Would you reproduce the whole listing exactly, minus its images?

**Dataset content**
[Start of Attachment]

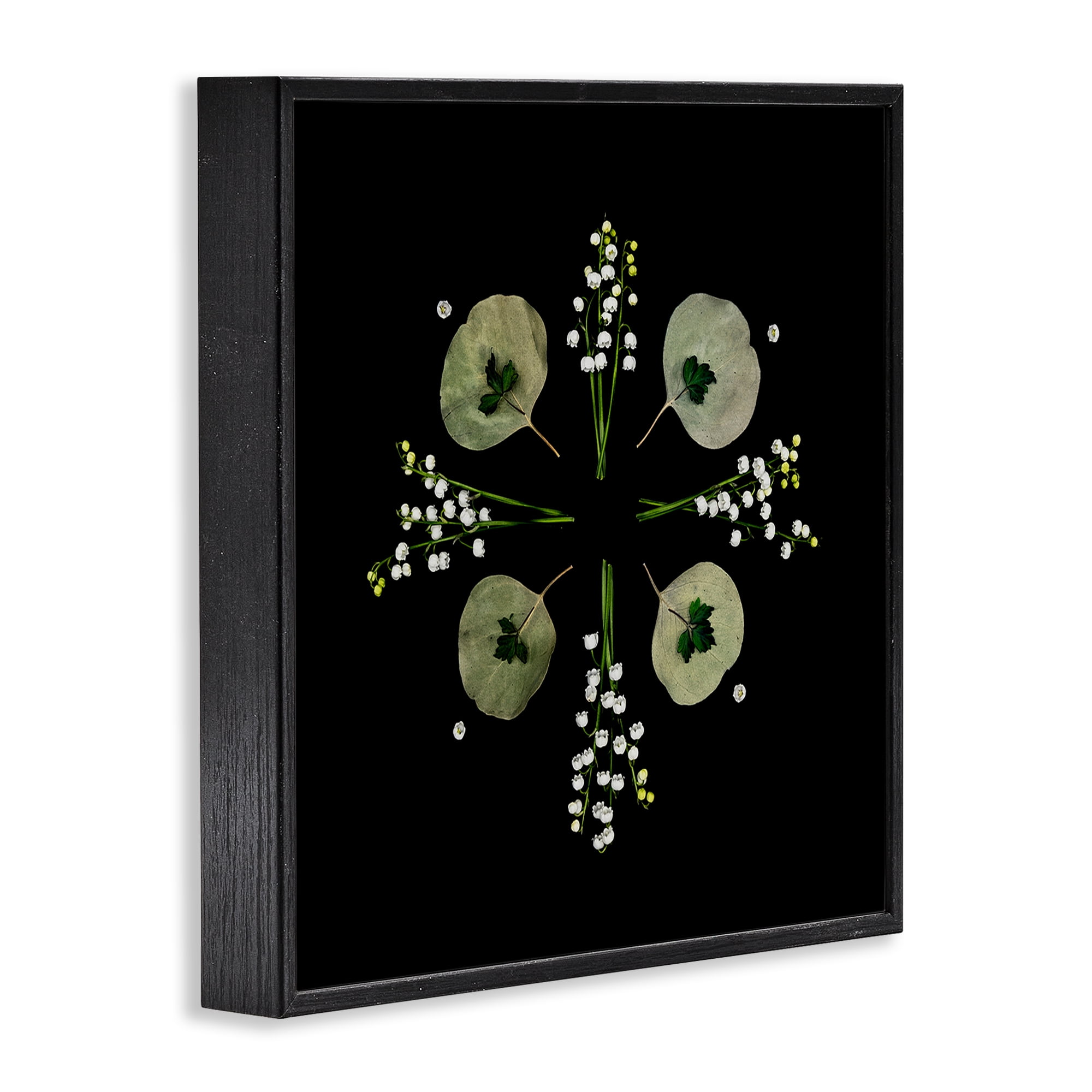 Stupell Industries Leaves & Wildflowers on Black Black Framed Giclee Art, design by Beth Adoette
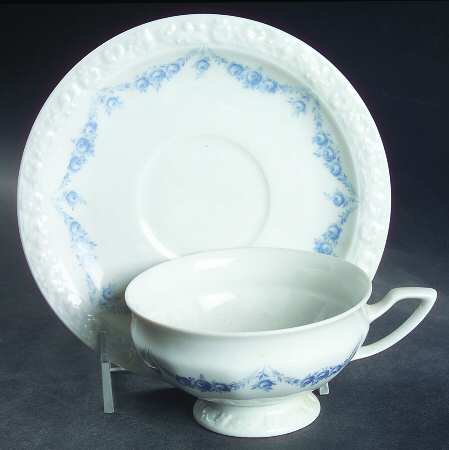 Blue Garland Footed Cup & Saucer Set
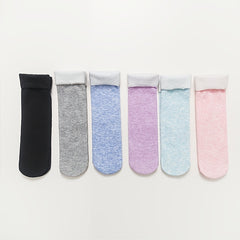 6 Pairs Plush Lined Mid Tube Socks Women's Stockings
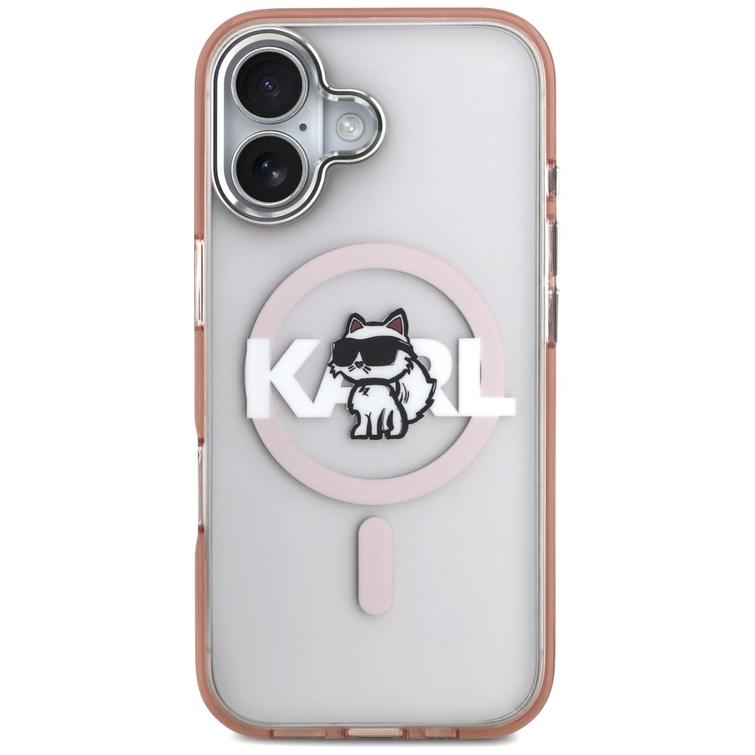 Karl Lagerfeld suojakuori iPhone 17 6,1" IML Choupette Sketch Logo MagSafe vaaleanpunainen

[End of Attachment]

**Task response**
 Stupell Industries Leaves & Wildflowers on Black Black Framed Giclee Art, design by Beth Adoette
 Blue Garland Footed Cup & Saucer Set
 6 Pairs Plush Lined Mid Tube Socks Women's Stockings
 Karl Lagerfeld suojakuori iPhone 17 6,1" IML Choupette Sketch Logo MagSafe vaaleanpunainen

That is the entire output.